With the establishment of a standing U.S. force for the Cold War after World War II, the reserves came to be looked on as an expansion base for another European war.1 However, in 1950, the United States was faced with a new contingency: a “limited war” on the Korean peninsula. Reservists accounted for more than one-third of the first-year mobilization for that war, which lasted until 1953.
But the Vietnam War changed military policy toward use of the reserves. First, the manpower supply available in the baby-boom generation for conscription was deemed ample for the war effort. Second, Presidents Kennedy and Johnson wanted to communicate to the American people their intent to limit U.S. involvement in Vietnam.

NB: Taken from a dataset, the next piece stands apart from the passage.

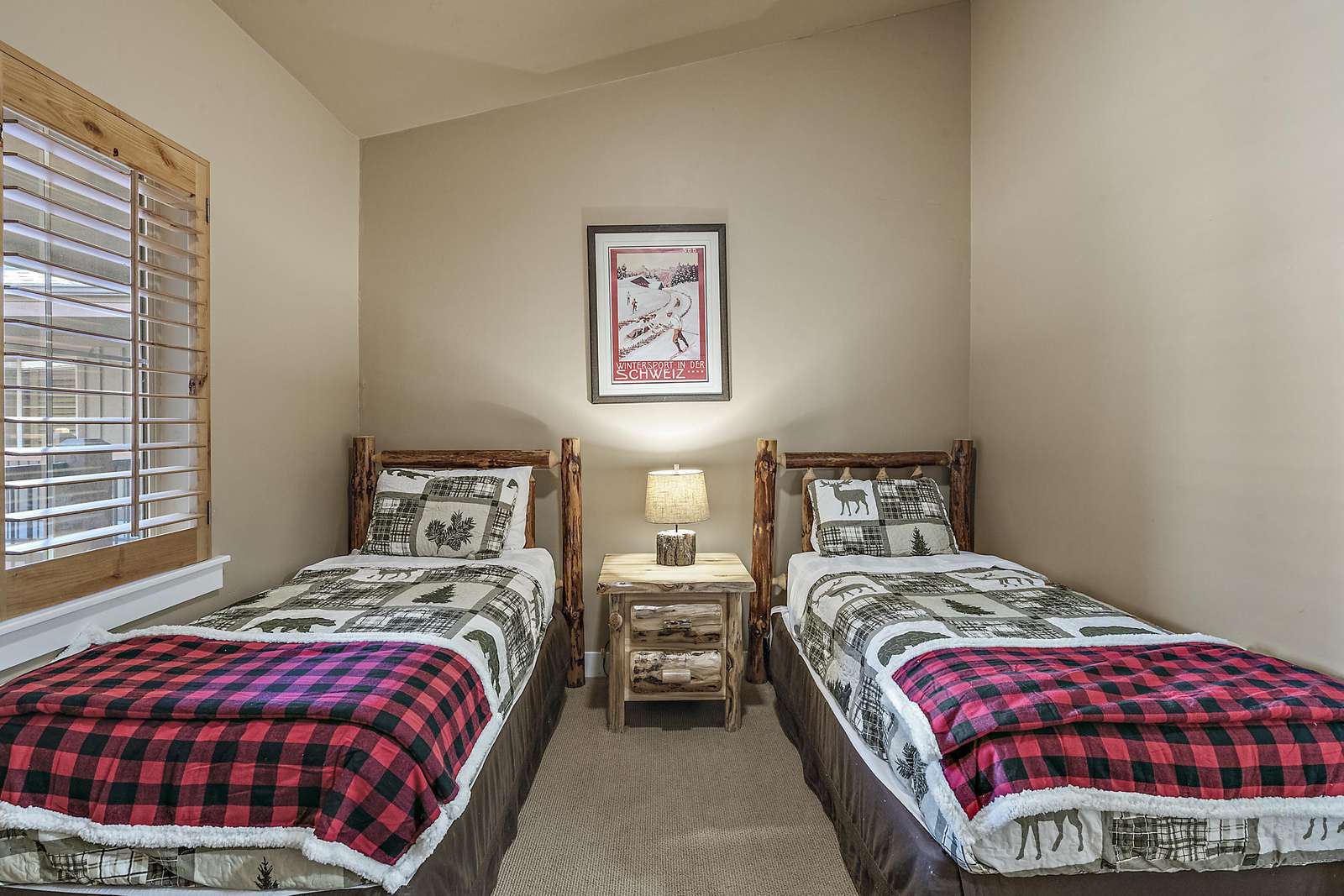 Cozy twin beds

Thus, the reserves were not mobilized during the Vietnam War except as symbolic responses to the Pueblo incident and the Tet offensive in 1968.
Indeed, joining the reserves came to be seen during Vietnam as a way to avoid conscription, fulfill the citizenship responsibility of military service, and avoid going to war. The generation now leading most American social institutions remembers the Vietnam role of the reserves as nonwar fighters—rather than the pre-Korea role of major mobilization base—as the norm for American reservist policy.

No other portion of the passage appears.